= Prompt =
Only the lines from the beginning of the entries through the one with "Sevenday Hotel" should be written out, please, exactly and without any pictures.

Pictures with short captions
*** Begin section ***
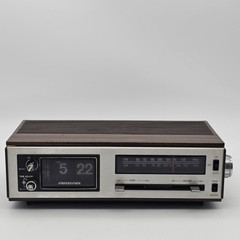 VTG Flip Clock Radio Alarm Sound Design Faux Wood Finish AMFM Model 3461 – READ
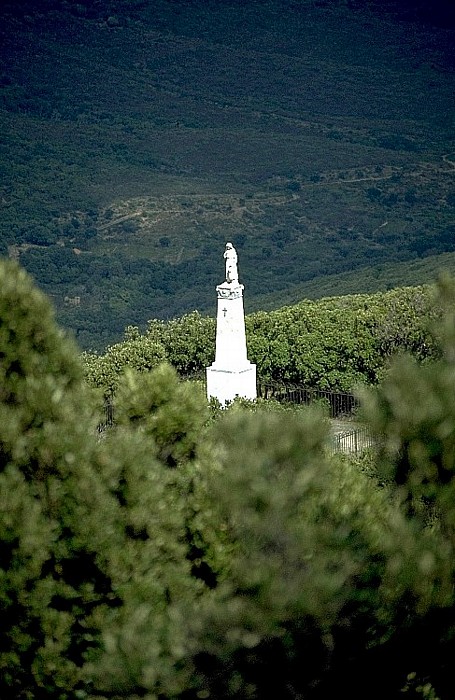 Cap Corse Statue im Wald (in der Nähe von Ersa)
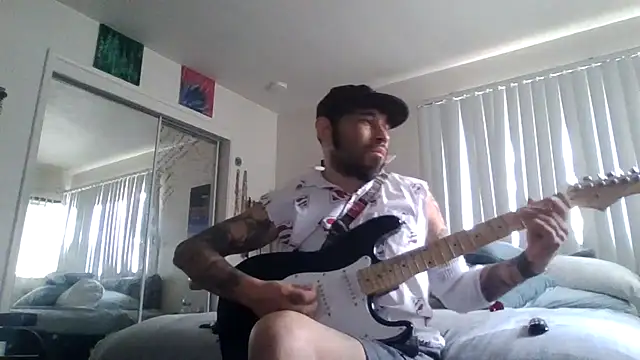 Snapshot of TheDaddio03 chatting on 02.14.26 TheDaddio03 online show from 02.14.26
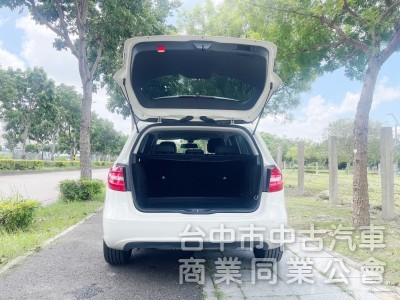 2013年 M-Benz B180 1.6T汽油渦輪 全新改款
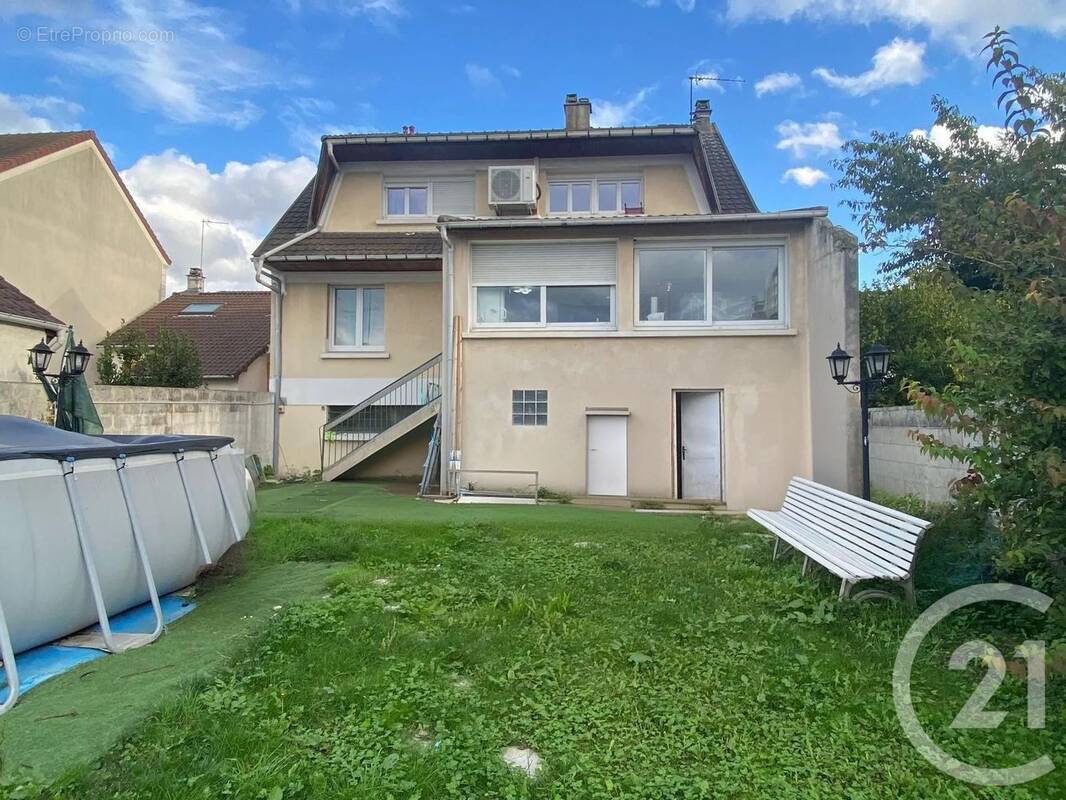 Maison à GARGES-LES-GONESSE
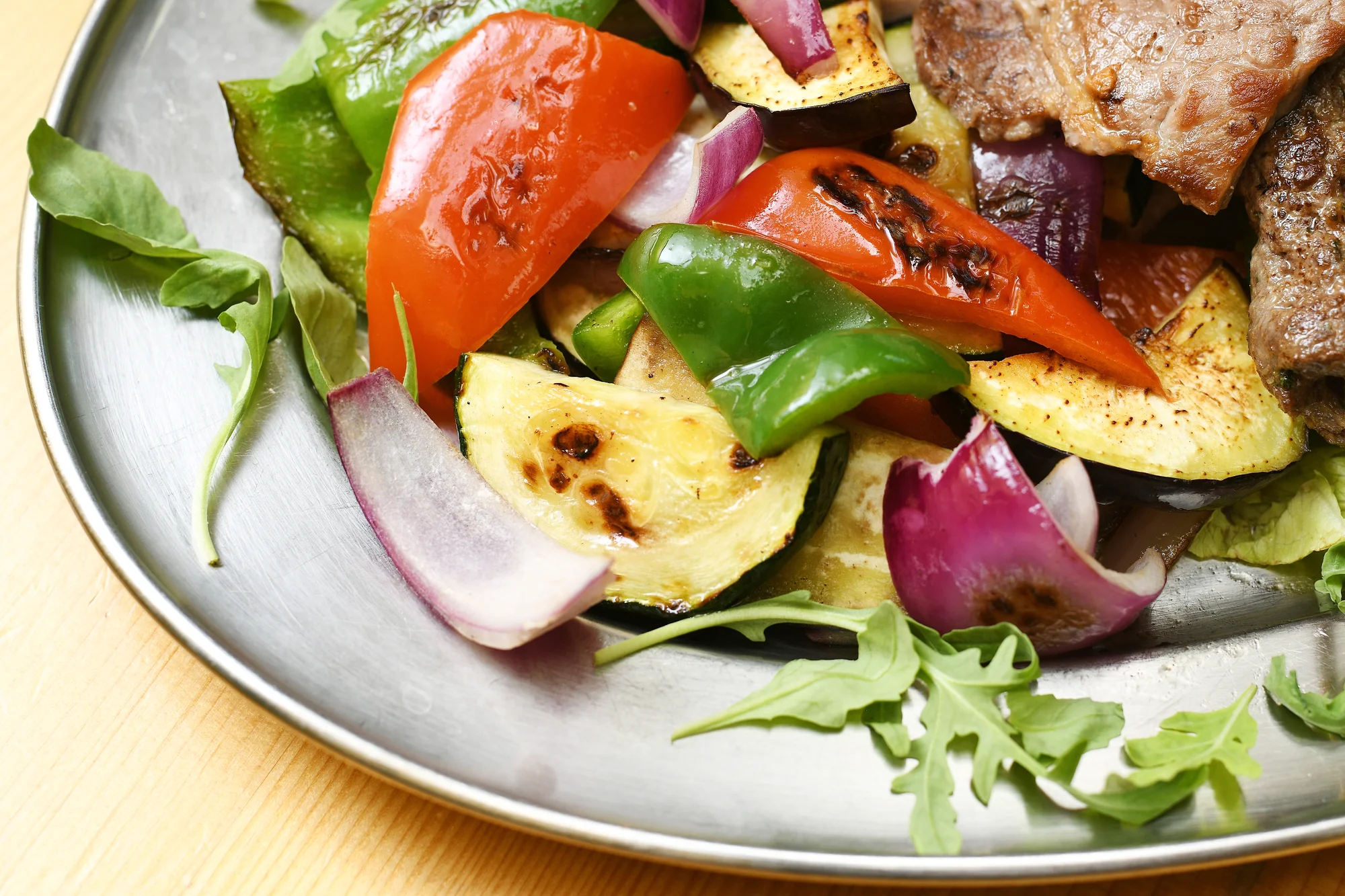 Mix grill: 500 nebo 1000 g hovězího, vepřového, kuřecího a jehněčího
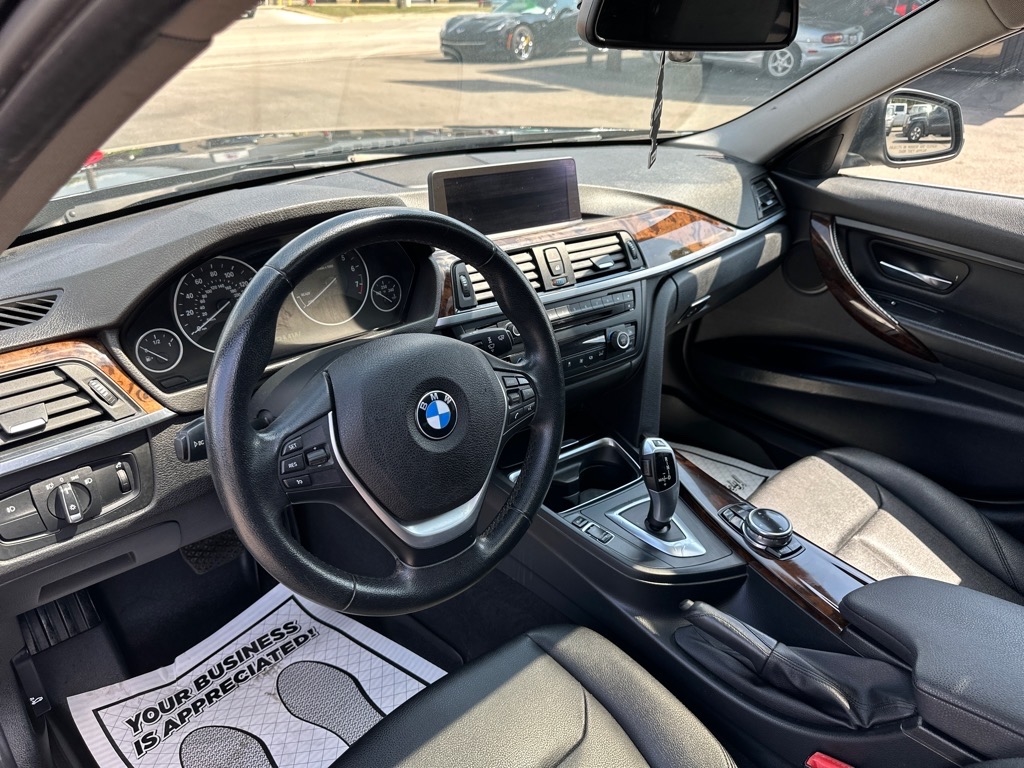 BMW 3 Series 4dr Sdn 328i xDrive AWD SULEV South Africa 2015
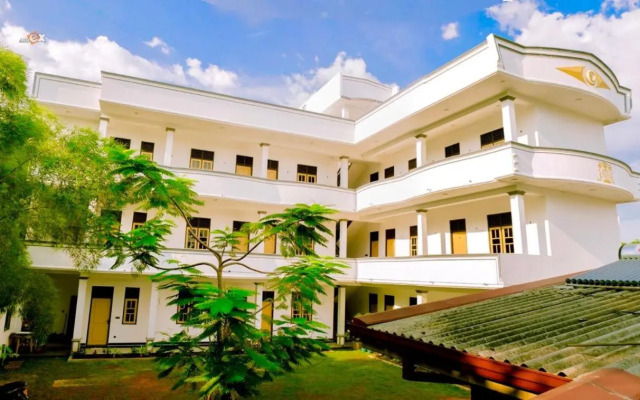 Sevenday Hotel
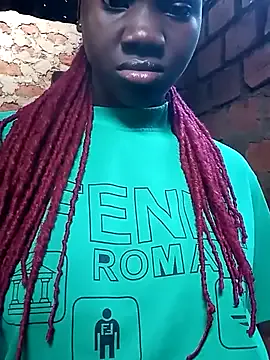 HugeBoobsAlice – webcam model profile photo Image 7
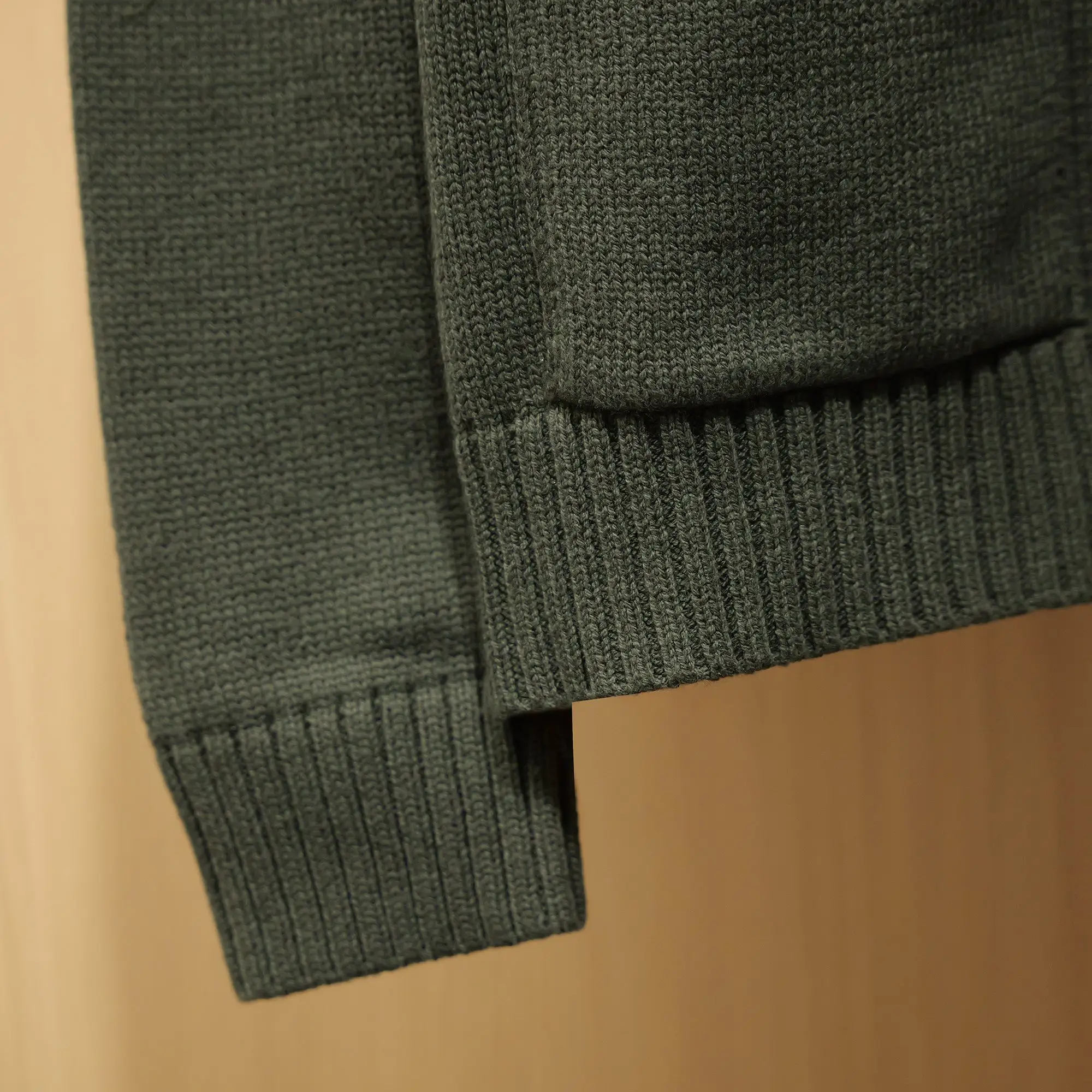 Logo-Patch Wool-Blend V-Neck Cardigan D27022713 — view 7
*** End section ***
= Output =
 VTG Flip Clock Radio Alarm Sound Design Faux Wood Finish AMFM Model 3461 – READ
 Cap Corse Statue im Wald (in der Nähe von Ersa)
 Snapshot of TheDaddio03 chatting on 02.14.26 TheDaddio03 online show from 02.14.26
 2013年 M-Benz B180 1.6T汽油渦輪 全新改款
 Maison à GARGES-LES-GONESSE
 Mix grill: 500 nebo 1000 g hovězího, vepřového, kuřecího a jehněčího
 BMW 3 Series 4dr Sdn 328i xDrive AWD SULEV South Africa 2015
 Sevenday Hotel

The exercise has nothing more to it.